--- DIRECTIONS FOR THIS TASK ---
Every record should be written out again in full, with no character altered.

[Records contained in a dataset]
++++++

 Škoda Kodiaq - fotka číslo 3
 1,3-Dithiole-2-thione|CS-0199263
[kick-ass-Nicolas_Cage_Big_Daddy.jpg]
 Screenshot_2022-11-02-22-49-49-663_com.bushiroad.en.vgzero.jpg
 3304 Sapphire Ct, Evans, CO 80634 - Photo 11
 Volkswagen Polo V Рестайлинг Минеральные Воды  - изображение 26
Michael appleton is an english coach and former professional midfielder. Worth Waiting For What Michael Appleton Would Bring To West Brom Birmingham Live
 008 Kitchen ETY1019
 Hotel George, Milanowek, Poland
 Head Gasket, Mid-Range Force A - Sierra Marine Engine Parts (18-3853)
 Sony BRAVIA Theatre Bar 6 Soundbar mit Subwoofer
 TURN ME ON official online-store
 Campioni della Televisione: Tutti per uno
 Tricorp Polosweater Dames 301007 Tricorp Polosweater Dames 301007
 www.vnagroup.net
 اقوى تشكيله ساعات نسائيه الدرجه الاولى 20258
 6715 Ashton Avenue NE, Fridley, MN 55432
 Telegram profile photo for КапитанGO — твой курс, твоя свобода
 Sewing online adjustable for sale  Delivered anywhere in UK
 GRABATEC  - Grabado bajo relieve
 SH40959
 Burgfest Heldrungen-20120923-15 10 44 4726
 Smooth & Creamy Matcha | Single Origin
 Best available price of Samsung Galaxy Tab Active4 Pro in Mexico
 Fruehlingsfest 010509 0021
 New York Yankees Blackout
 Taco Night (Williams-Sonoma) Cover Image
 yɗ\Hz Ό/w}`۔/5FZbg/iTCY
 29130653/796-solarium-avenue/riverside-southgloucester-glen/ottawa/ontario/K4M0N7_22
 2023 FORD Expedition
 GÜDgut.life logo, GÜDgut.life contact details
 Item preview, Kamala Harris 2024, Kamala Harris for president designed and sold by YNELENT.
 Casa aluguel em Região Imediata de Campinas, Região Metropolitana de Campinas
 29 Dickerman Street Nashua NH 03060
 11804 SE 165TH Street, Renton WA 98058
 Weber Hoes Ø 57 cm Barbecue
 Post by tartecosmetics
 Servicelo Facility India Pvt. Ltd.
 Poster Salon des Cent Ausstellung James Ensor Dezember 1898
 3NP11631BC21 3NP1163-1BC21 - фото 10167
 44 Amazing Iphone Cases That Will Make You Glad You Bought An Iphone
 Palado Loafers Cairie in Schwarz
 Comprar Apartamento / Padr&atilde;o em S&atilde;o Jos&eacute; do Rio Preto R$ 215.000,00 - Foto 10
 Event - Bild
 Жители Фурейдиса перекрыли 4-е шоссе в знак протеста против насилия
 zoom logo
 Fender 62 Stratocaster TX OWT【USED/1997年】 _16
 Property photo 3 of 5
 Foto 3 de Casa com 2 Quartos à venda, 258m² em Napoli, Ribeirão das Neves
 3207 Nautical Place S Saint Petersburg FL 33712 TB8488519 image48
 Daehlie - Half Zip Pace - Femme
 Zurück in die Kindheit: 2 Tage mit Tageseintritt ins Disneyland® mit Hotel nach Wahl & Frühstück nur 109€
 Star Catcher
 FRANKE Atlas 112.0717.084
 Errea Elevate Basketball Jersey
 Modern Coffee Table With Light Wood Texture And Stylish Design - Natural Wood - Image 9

++++++

--- WRITTEN RESPONSE ---
 Škoda Kodiaq - fotka číslo 3
 1,3-Dithiole-2-thione|CS-0199263
[kick-ass-Nicolas_Cage_Big_Daddy.jpg]
 Screenshot_2022-11-02-22-49-49-663_com.bushiroad.en.vgzero.jpg
 3304 Sapphire Ct, Evans, CO 80634 - Photo 11
 Volkswagen Polo V Рестайлинг Минеральные Воды  - изображение 26
Michael appleton is an english coach and former professional midfielder. Worth Waiting For What Michael Appleton Would Bring To West Brom Birmingham Live
 008 Kitchen ETY1019
 Hotel George, Milanowek, Poland
 Head Gasket, Mid-Range Force A - Sierra Marine Engine Parts (18-3853)
 Sony BRAVIA Theatre Bar 6 Soundbar mit Subwoofer
 TURN ME ON official online-store
 Campioni della Televisione: Tutti per uno
 Tricorp Polosweater Dames 301007 Tricorp Polosweater Dames 301007
 www.vnagroup.net
 اقوى تشكيله ساعات نسائيه الدرجه الاولى 20258
 6715 Ashton Avenue NE, Fridley, MN 55432
 Telegram profile photo for КапитанGO — твой курс, твоя свобода
 Sewing online adjustable for sale  Delivered anywhere in UK
 GRABATEC  - Grabado bajo relieve
 SH40959
 Burgfest Heldrungen-20120923-15 10 44 4726
 Smooth & Creamy Matcha | Single Origin
 Best available price of Samsung Galaxy Tab Active4 Pro in Mexico
 Fruehlingsfest 010509 0021
 New York Yankees Blackout
 Taco Night (Williams-Sonoma) Cover Image
 yɗ\Hz Ό/w}`۔/5FZbg/iTCY
 29130653/796-solarium-avenue/riverside-southgloucester-glen/ottawa/ontario/K4M0N7_22
 2023 FORD Expedition
 GÜDgut.life logo, GÜDgut.life contact details
 Item preview, Kamala Harris 2024, Kamala Harris for president designed and sold by YNELENT.
 Casa aluguel em Região Imediata de Campinas, Região Metropolitana de Campinas
 29 Dickerman Street Nashua NH 03060
 11804 SE 165TH Street, Renton WA 98058
 Weber Hoes Ø 57 cm Barbecue
 Post by tartecosmetics
 Servicelo Facility India Pvt. Ltd.
 Poster Salon des Cent Ausstellung James Ensor Dezember 1898
 3NP11631BC21 3NP1163-1BC21 - фото 10167
 44 Amazing Iphone Cases That Will Make You Glad You Bought An Iphone
 Palado Loafers Cairie in Schwarz
 Comprar Apartamento / Padr&atilde;o em S&atilde;o Jos&eacute; do Rio Preto R$ 215.000,00 - Foto 10
 Event - Bild
 Жители Фурейдиса перекрыли 4-е шоссе в знак протеста против насилия
 zoom logo
 Fender 62 Stratocaster TX OWT【USED/1997年】 _16
 Property photo 3 of 5
 Foto 3 de Casa com 2 Quartos à venda, 258m² em Napoli, Ribeirão das Neves
 3207 Nautical Place S Saint Petersburg FL 33712 TB8488519 image48
 Daehlie - Half Zip Pace - Femme
 Zurück in die Kindheit: 2 Tage mit Tageseintritt ins Disneyland® mit Hotel nach Wahl & Frühstück nur 109€
 Star Catcher
 FRANKE Atlas 112.0717.084
 Errea Elevate Basketball Jersey
 Modern Coffee Table With Light Wood Texture And Stylish Design - Natural Wood - Image 9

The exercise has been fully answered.